**To do:**
From the line that contains "2015 Ford Explorer" through the end of the records below, write out each line exactly as it appears, but not the pictures.

**Dataset records:**
****
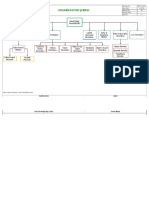OEK.01-OŞ01 Organizasyon Şeması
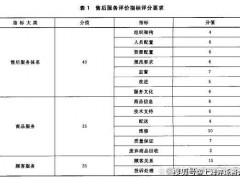 售后服務(wù)五星級認(rèn)證是什么？gb/t27922售后服務(wù)認(rèn)證辦理流程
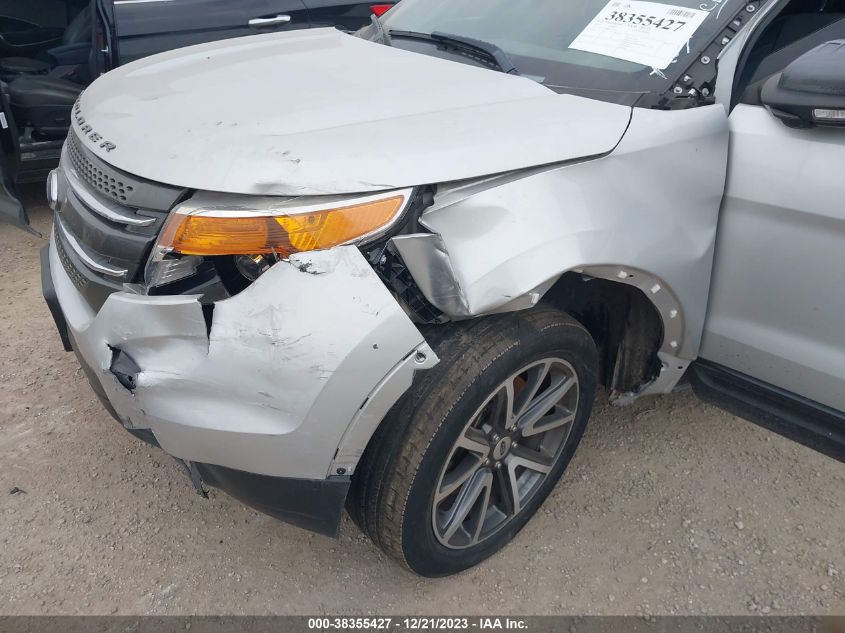 2015 Ford Explorer Xlt VIN: 1FM5K7D88FGA19481 Lot: 38355427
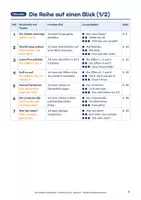 Vorschau - Unterrichtsreihen - Zahlen bis 10 Kl. 1: Die Zahlen-Detektive - Seite 2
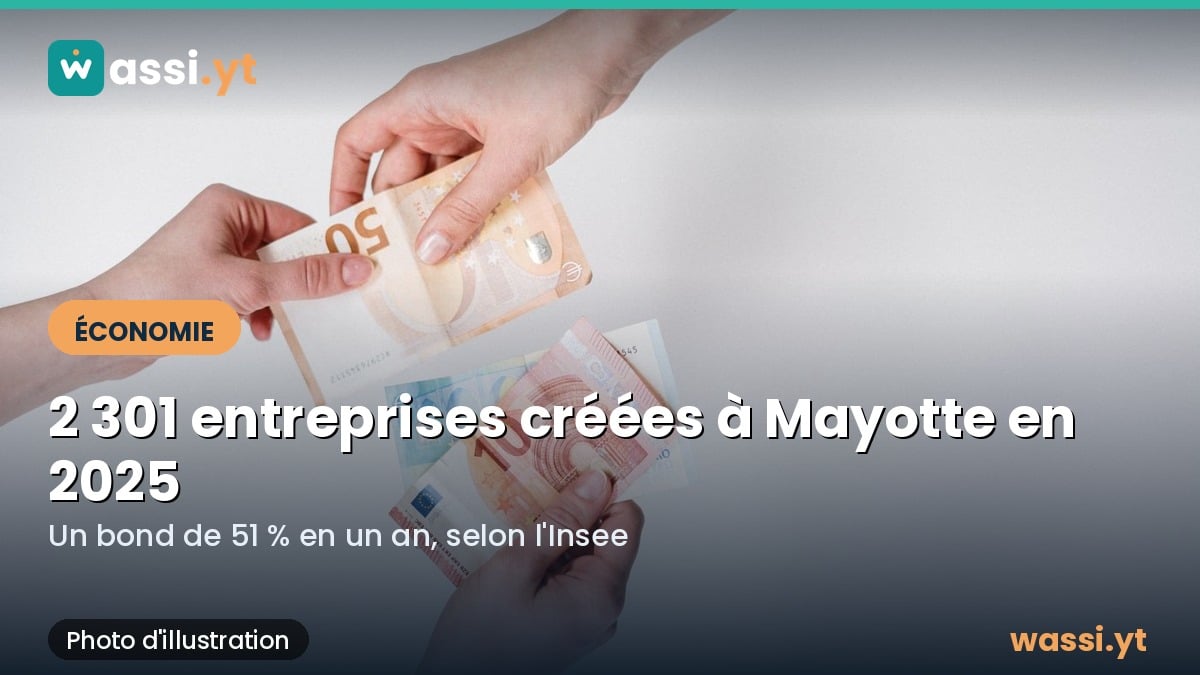 Entreprises à Mayotte : 2 301 créations en 2025, un bond de 51 %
****
**Solved exercise:**
 2015 Ford Explorer Xlt VIN: 1FM5K7D88FGA19481 Lot: 38355427
 Vorschau - Unterrichtsreihen - Zahlen bis 10 Kl. 1: Die Zahlen-Detektive - Seite 2
 Entreprises à Mayotte : 2 301 créations en 2025, un bond de 51 %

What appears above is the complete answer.